The day started with an interactive warm-up where everyone got to speak to the people they had never met before and to learn about each other about their aims for the day. Following this, Glenn Bowen from Wales Co-op Centre, Laurie Gregory from the Foster Care Co-operative, Fraser Kelly from Social Enterprise Scotland and Giles Wilmore, Associate Lead for People and Communities at Greater Manchester Health and Social Care Partnership  gave a brief insights into what was happening in terms of co-operative care in Wales, England, Scotland and Greater Manchester.

In the next session, using the Co-operatives UK and Co-operative College’s “Owning Our Care” research report as a starting point, participants explored the ‘Why, What and How’ of co-operative social care to generate ideas, examples and contacts that could help shape social care policy across the UK. People agreed that the focus should be on long-term care rather than acute care and that we need to be shouting about the people who are saying “we’re doing this and it works!” to make sure that the sometimes small or isolated initiatives that are making a real difference are more widely known about. Time and again, people talked about the fact that the key for so much of care is loneliness and having friends. What came across was that we’re often asking the wrong questions; professionals need to have more “what matters to you” conversations with citizens as there’s too much focus on a system that tries to ‘fix’ local people.

Participants sat around a table at the social care forum

After a networking lunch, people listened to 3 short presentations on different discussion topics so that participants could join discussion groups and work their way around the different topics that interested them. Adrian Roper from Cartrefi Cymru, a nationwide Welsh charity that recently converted to a co-operative, opened the debate on how we can encourage organisations to democratise themselves into co-ops. Chris Dabbs from Unlimited Potential raised questions around how to better support grass-roots self-help, as fertile soil from which we can support co-ops to grow. Donna Coyle from Care to Co-operate encouraged people to think about how we can support consortia of care agencies as a means of promoting co-operative values and behaviours.
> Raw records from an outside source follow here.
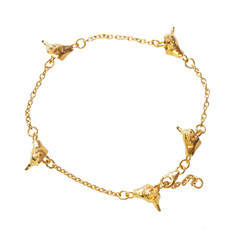 Bulls on a Leash Bracelet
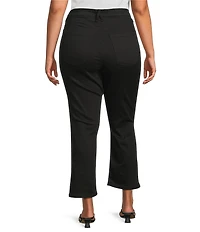 Good American Plus Size Never Fades Good Legs Mid Rise Straight Jeans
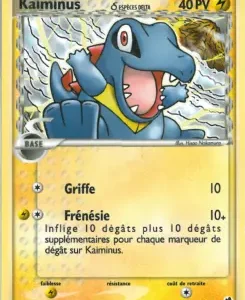 Kaiminus δ N°67 — EX Île des Dragons — Français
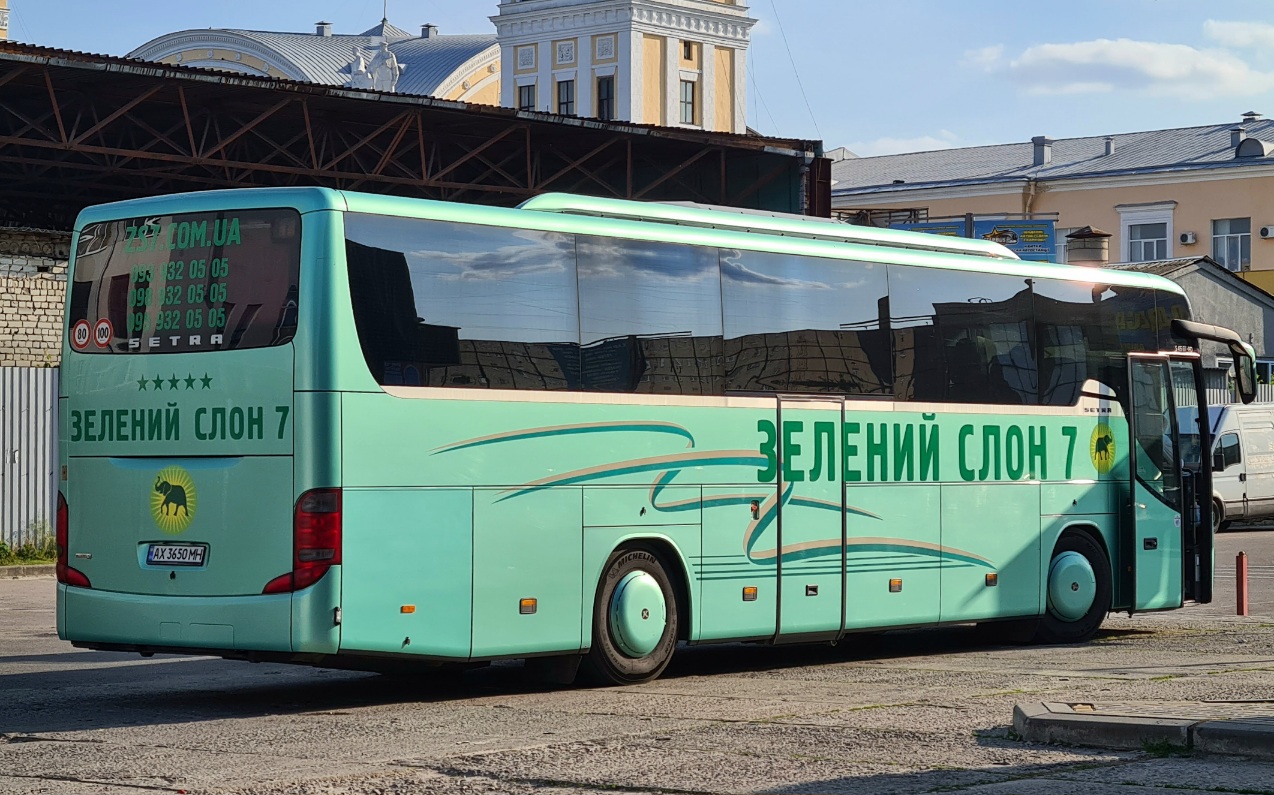 Полтавская область, Setra S415GT-HD № СЛОН 15
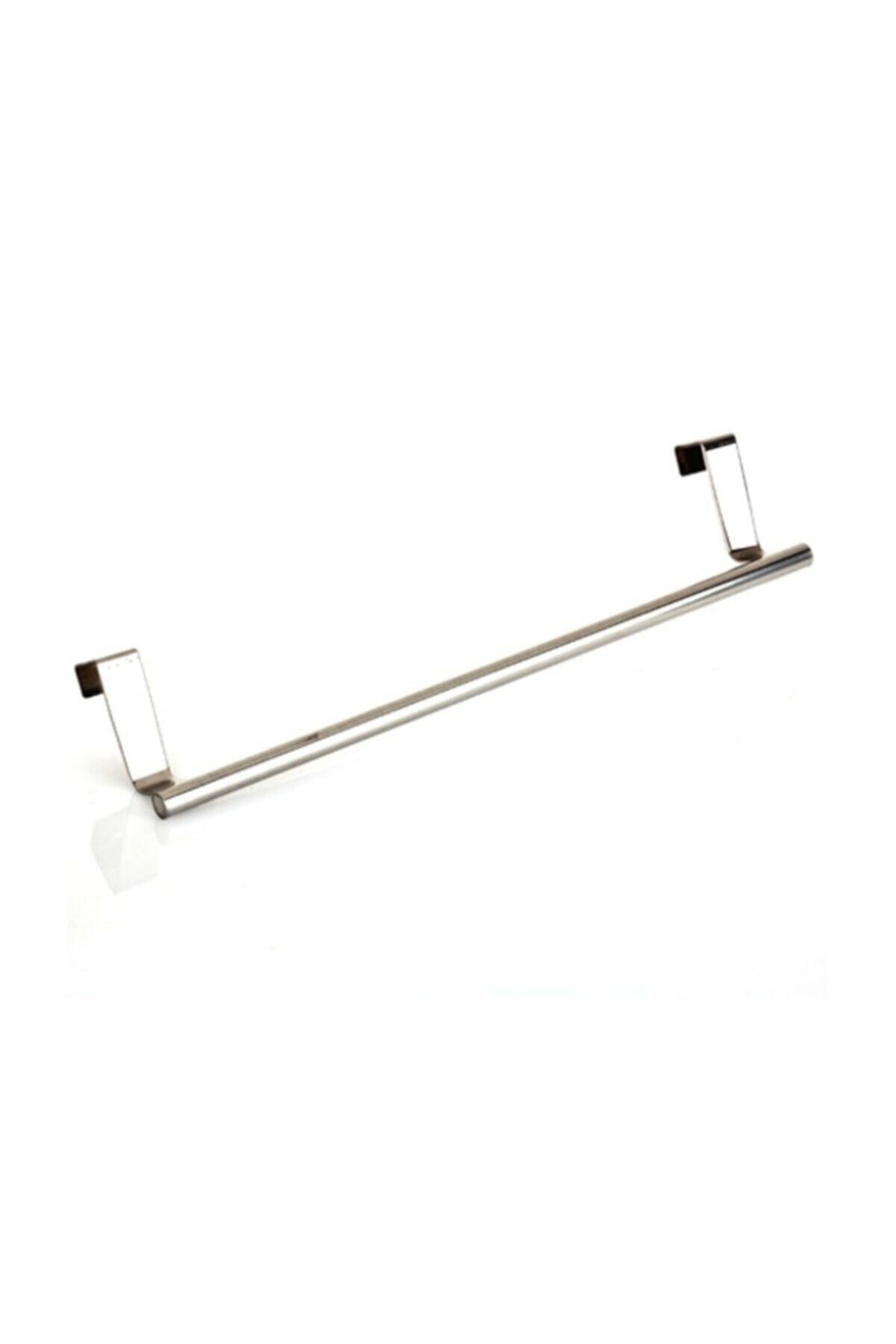 Biterse Büyük Çelik Havlu Askısı Mutfak ve Banyo Havlu Askısı Metal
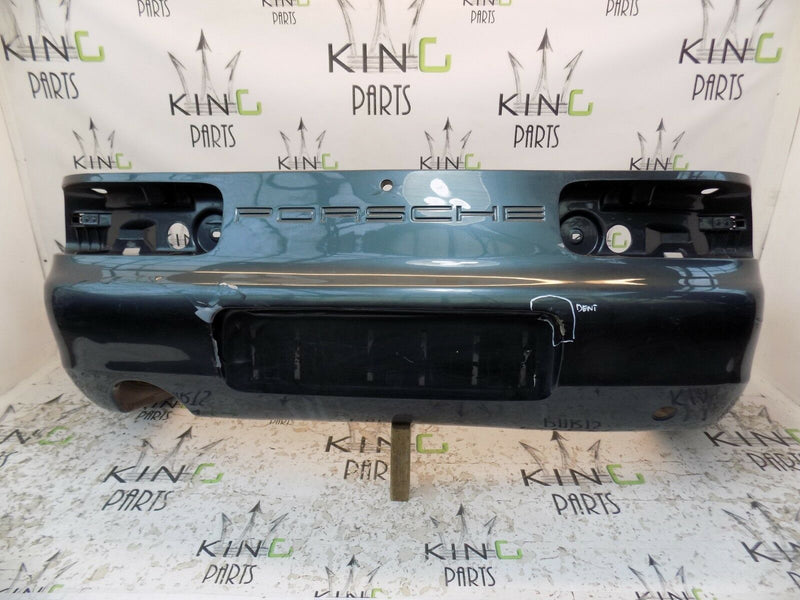 PORSCHE 968 1992 1993 1994 1995 GREY REAR BUMPER GENUINE 95150512300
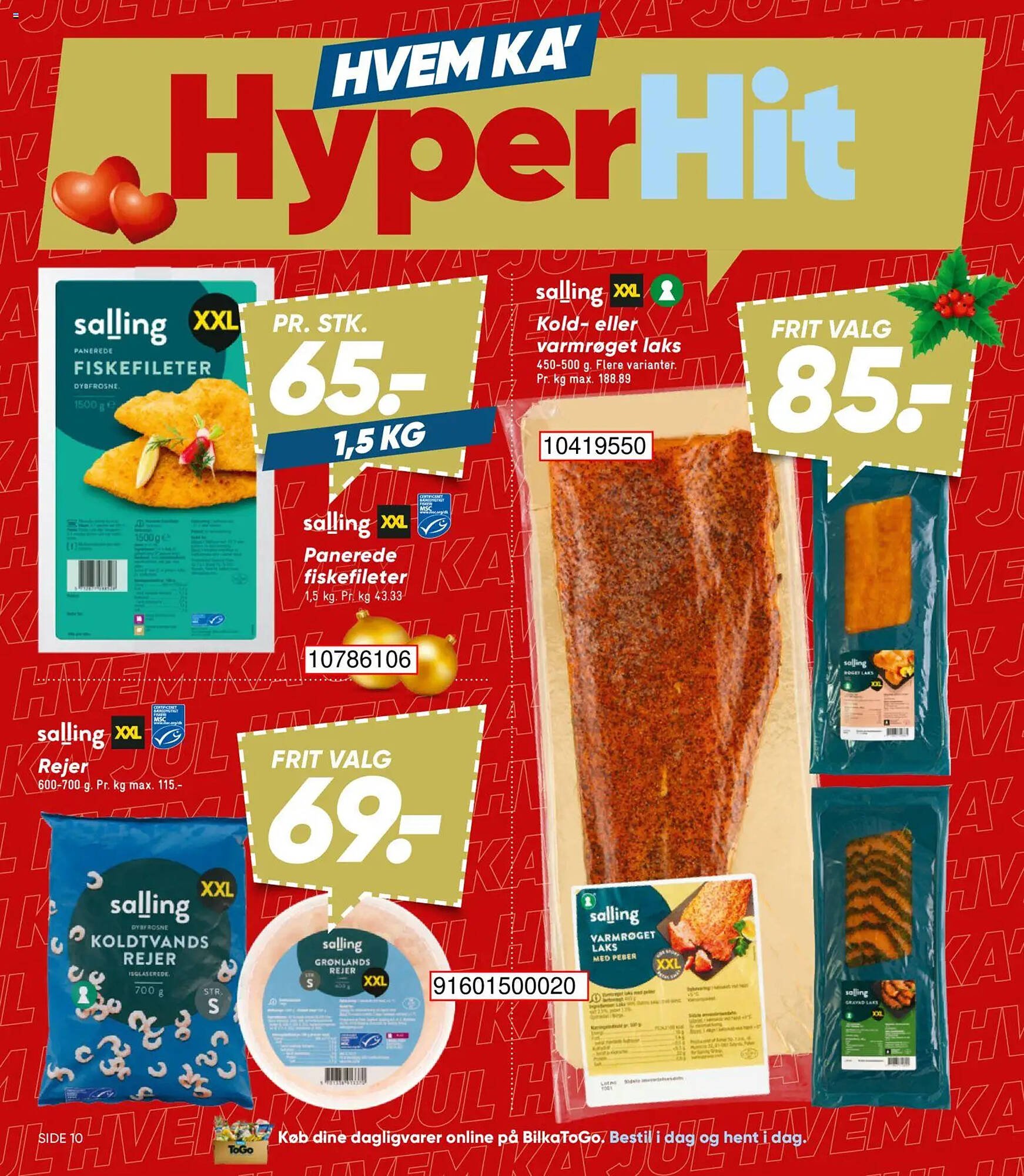 Bilka tilbudsavis (2025-12-19 - 2025-12-24)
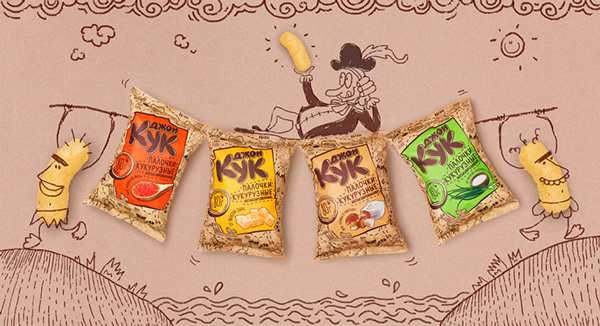 John Cook 休閑食品品牌命名標志設計包裝設計1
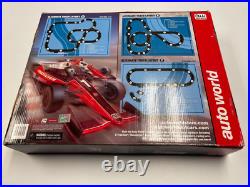 Auto World IndyCar Road Course Electric slot car Set NO CARS, most parts sealed Auto World IndyCar Road Course Electric slot car Set NO CARS, most parts sealed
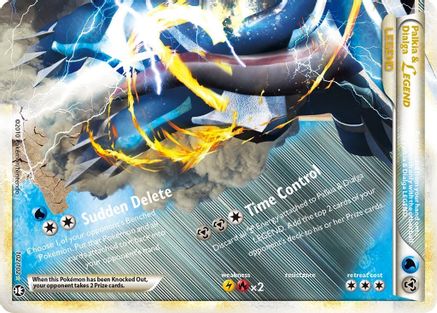 Palkia & Dialga Legend (Bottom) - Holofoil Triumphant - Ultra Rare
This session was kept dynamic by lively facilitation from Julia Houlston-Clark of the Wales Restorative Approaches Partnership, who kept people moving and focused on creating ideas for concrete actions, and agreeing the priority actions to take forwards.

Next steps

The 3 priority actions were to identify positive common cause among local people to create the fertile ground for co-op start-ups, to raise awareness among commissioners about benefits of consortia and to create a beginners guide for commissioners and procurers of how to favour agencies with added social value.